+++ Dataset content
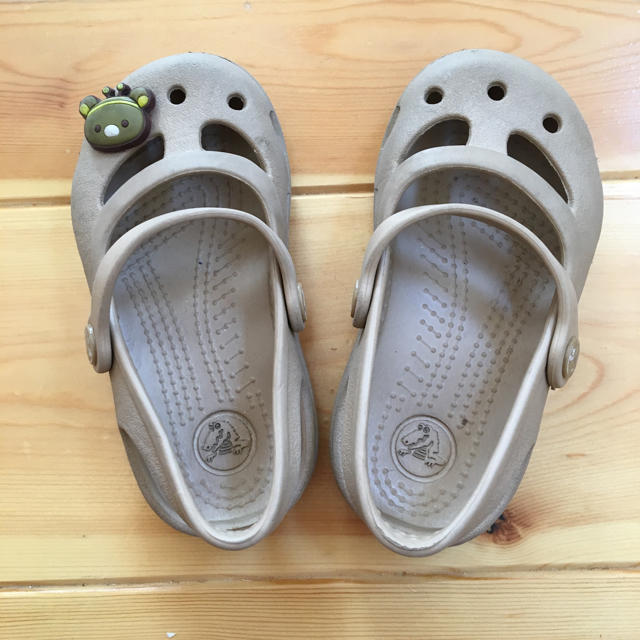 crocs(クロックス)のクロックス 7 キッズ/ベビー/マタニティのベビー靴/シューズ(~14cm)(サンダル)の商品写真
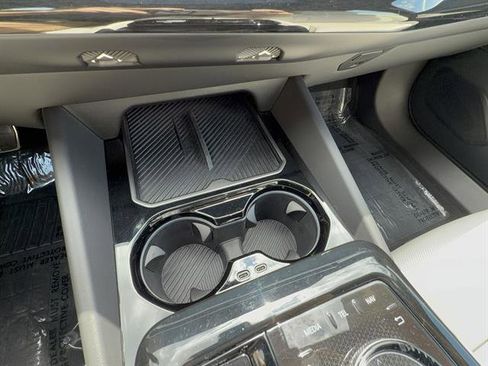 Certified 2024 BMW 530i xDrive w/ M Sport Package image 19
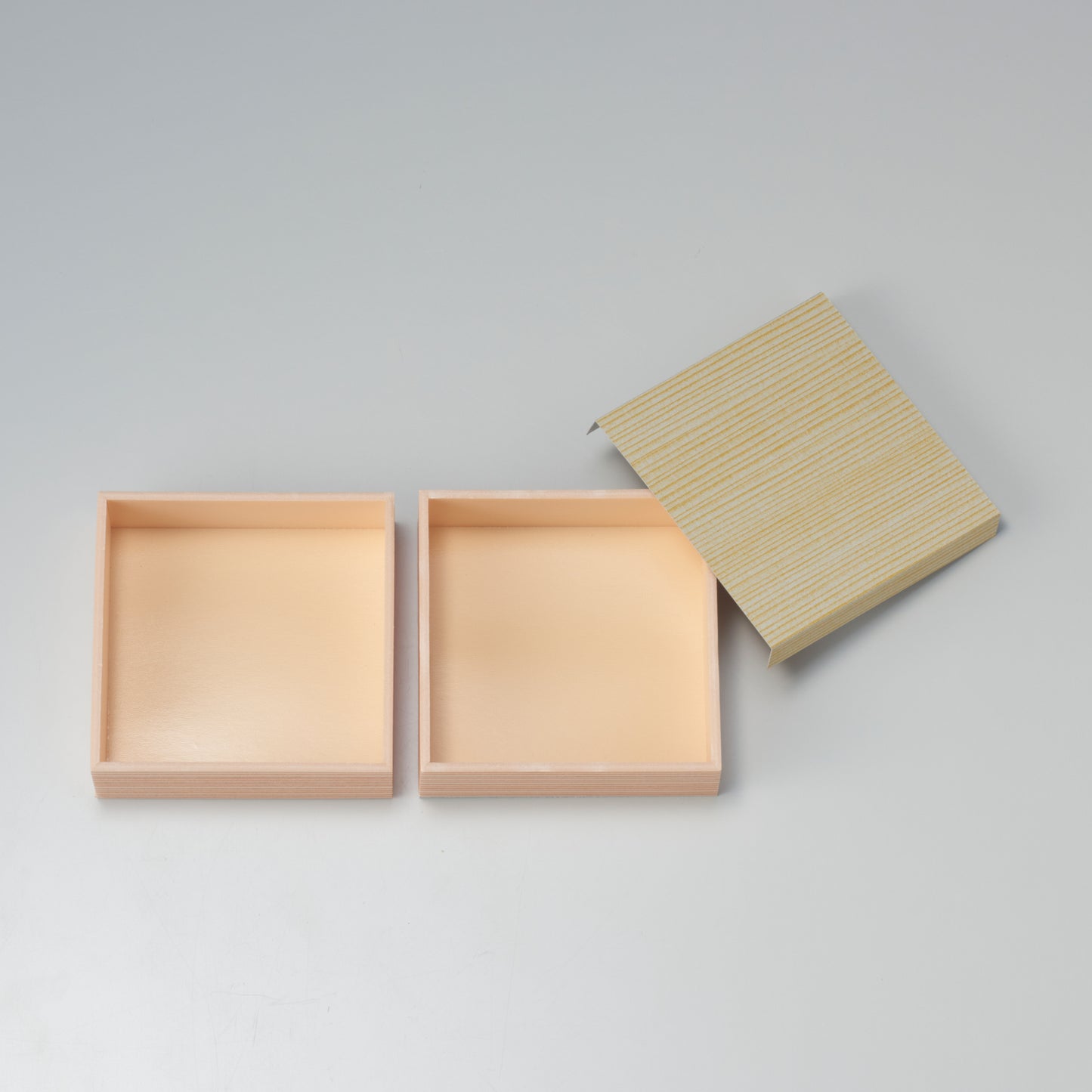 127-10086 秋田杉3.8mm 12角逆シャクリ2段仕切なし二方折蓋セット<300セット入>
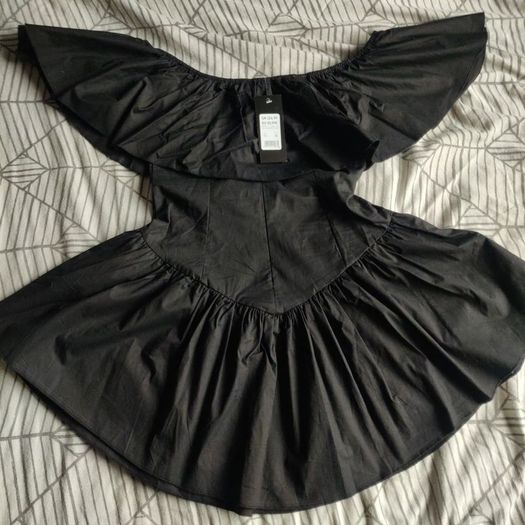 Cameo Rose Black Poplin Tiered Mini Dress , NEW LOOK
++++++
Task to complete:
Would it be possible to copy the material exactly, excluding the images?

Your solution:
 crocs(クロックス)のクロックス 7 キッズ/ベビー/マタニティのベビー靴/シューズ(~14cm)(サンダル)の商品写真
 Certified 2024 BMW 530i xDrive w/ M Sport Package image 19
 127-10086 秋田杉3.8mm 12角逆シャクリ2段仕切なし二方折蓋セット<300セット入>
 Cameo Rose Black Poplin Tiered Mini Dress , NEW LOOK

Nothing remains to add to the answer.